自然災害から身を守るため「絶対条件を満たす住みたい町」を見つける
それではどのようにして「住みたい」と思った街を調査すればよいのでしょうか。
調査には以下3ステップを推奨されています。
【ステップ1:地理院土地条件図で調べる】
インターネットを利用すれば、おおよその調査が可能。
信用のおけない情報も出回っていますので、「行政機関の調査結果」のみ参考とされることがオススメなんだとか。
国土交通省の国土地理院が発行している「電子国土WEB」というサイトがあります。
まずはこちらのサイトへアクセスし、現地に赴く前に参考にしてみてください。
【ステップ2:現場を歩いて確認する】
住みたい街の土地条件を調べて「十分だ!」と思った方も、実際に足を運んで周囲を歩いて確認されることが推奨されています。

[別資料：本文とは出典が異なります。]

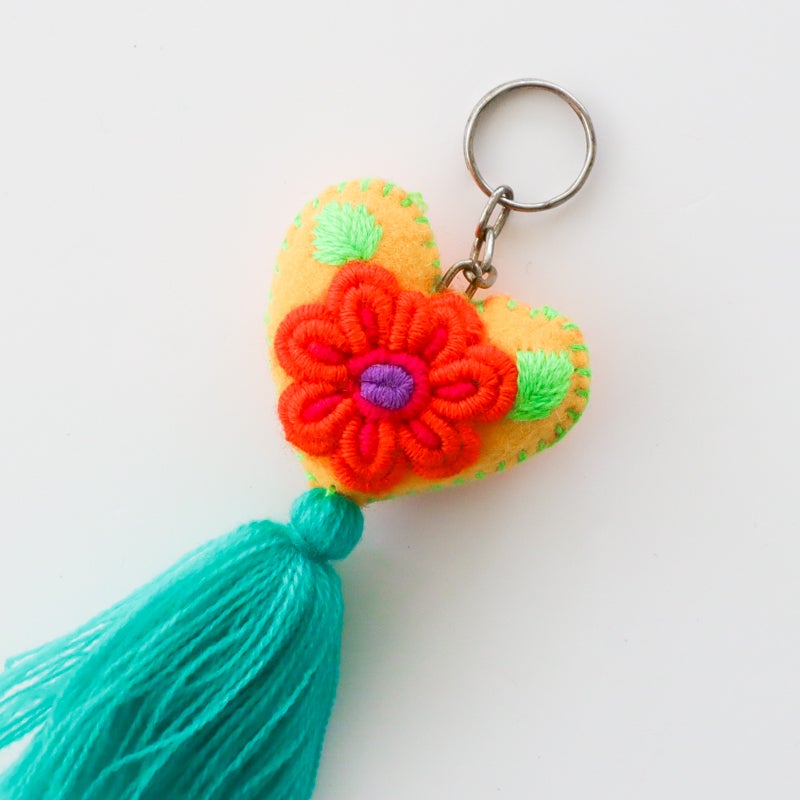 刺繍アップ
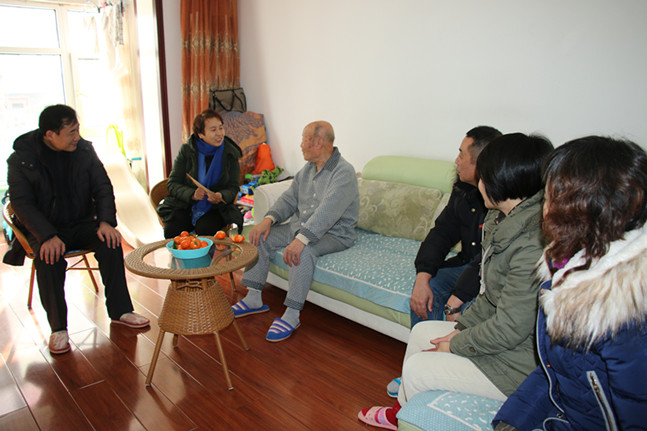 国资委领导走访_副本.jpg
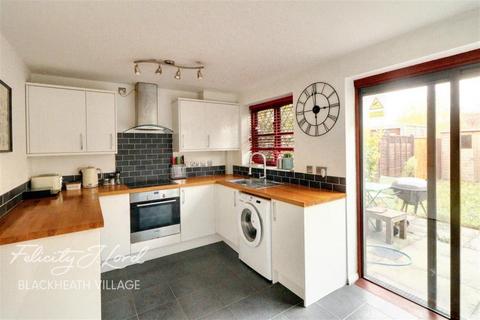 2 bedroom terraced house to rent, Hither Farm Road SE3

特に土地条件の境界に位置する場所は、インターネットでは細部まで確認できない場所があるようです。
【ステップ3:耐震性の3つのポイントを確認する】
そして最後に住む物件の「耐震性」を確認しましょう。
耐震性を見るポイントは3つあります。
①いつの時代の建築基準に基づいて作られた建物なのか
②建物の基礎がしっかりしているか
③耐震設計(耐震、制震、免震など)
この3点のポイントを一つずつ具体的に解説していくと、本記事では収まりませんので「建築基準」「建物の基礎」「耐震設計」のキーワードでそれぞれ検索して、調べて頂くことを推奨します。
タワーマンション次から次へ。ベイエリアは住むべき土地?
オリンピック景気と言わんばかりに東京湾のベイエリアに乱開発ともいえるペースでタワーマンションが建ち並ぶようになりました。

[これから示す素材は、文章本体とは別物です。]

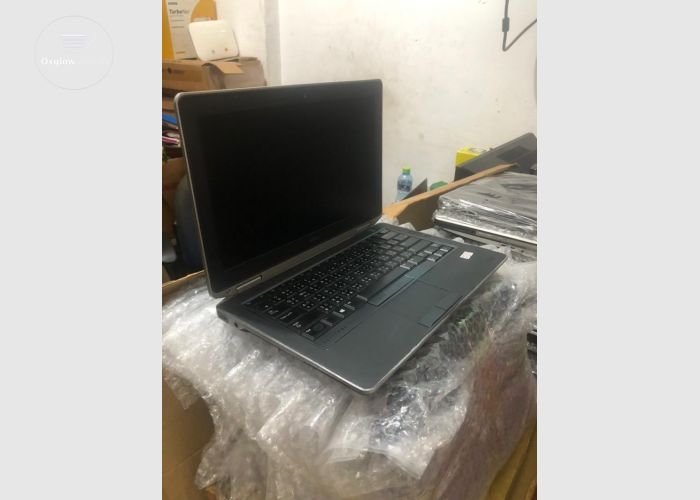 Dell  Latitude  Laptop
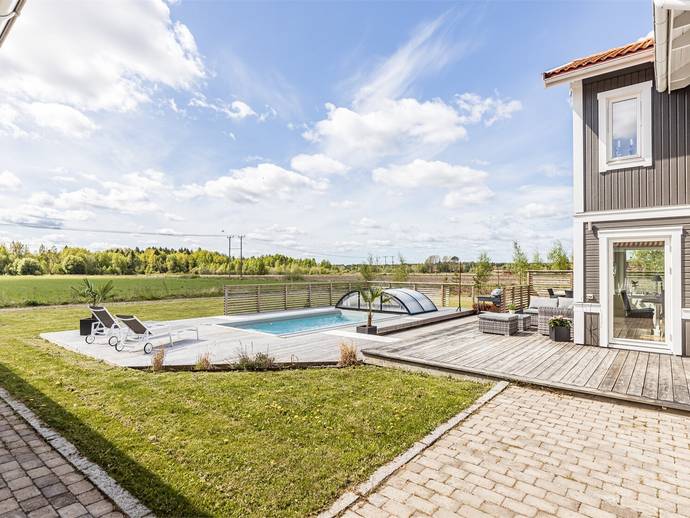 6 rok · 167 m² · Oppalavägen 17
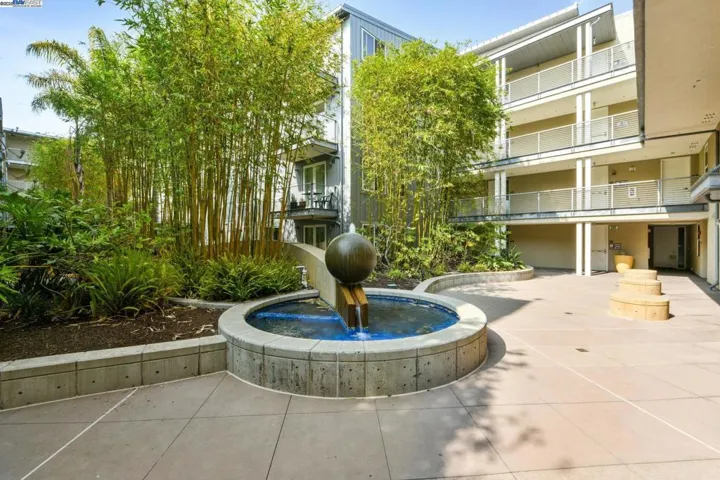 3090 Glascock 402, Oakland, California 94601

最近埋め立てられた土地であれば、液状化対策は最新技術で行われています。
現に、東日本大震災であれだけの被害にあった浦安も、新しい埋めた土地ほど被害規模が小さかったことから、従来の技術で埋め立てられた土地と比較しても、液状化しにくい土地と言えるようです。

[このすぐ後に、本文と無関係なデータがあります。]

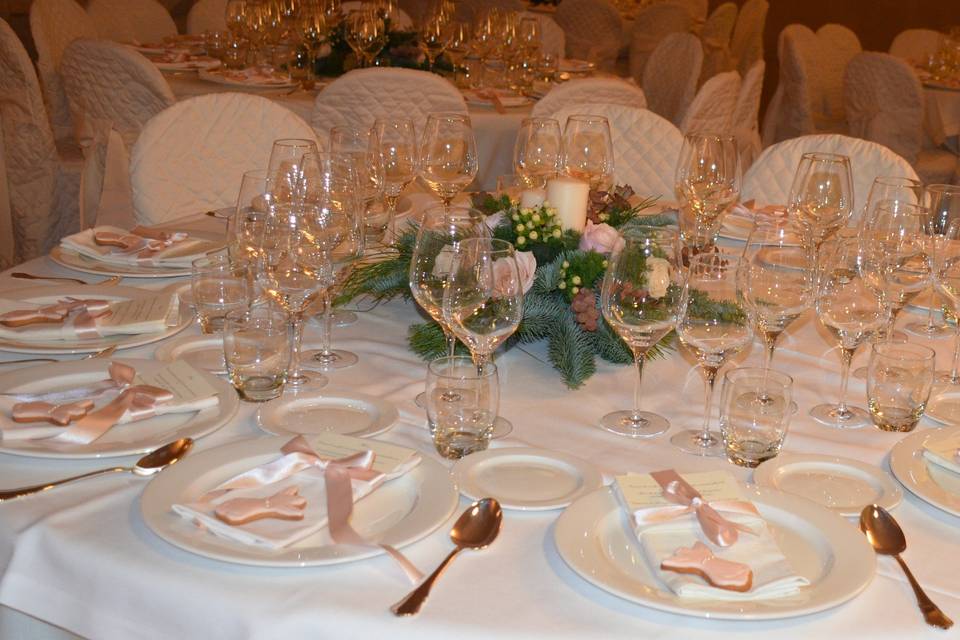 Tablescape, winter wedding, centerpieces, roses centerpieces, romantic centerpieces, christmas centerpieces, pink wedding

また、タワーマンションについても基礎は東京礫層(とうきょうれきそう)という固い地盤まで通しているため、より揺れを吸収する構造のマンションとなっているようです。
つまり、建物や地盤自体は心配するような話ではないといえそうです。
一方、津波の脅威については「本当に防潮堤だけでなんとかなるのか」という問いについては、東日本大震災を教訓とするなら疑問符が残ります。
東京湾は構造上、津波が入り込みにくいとされてはいますが、地震が起きてから「津波到達」まで、わずか数分でベイエリアの人が「安全な場所へ避難できるかどうか」は難しいかもしれないようです。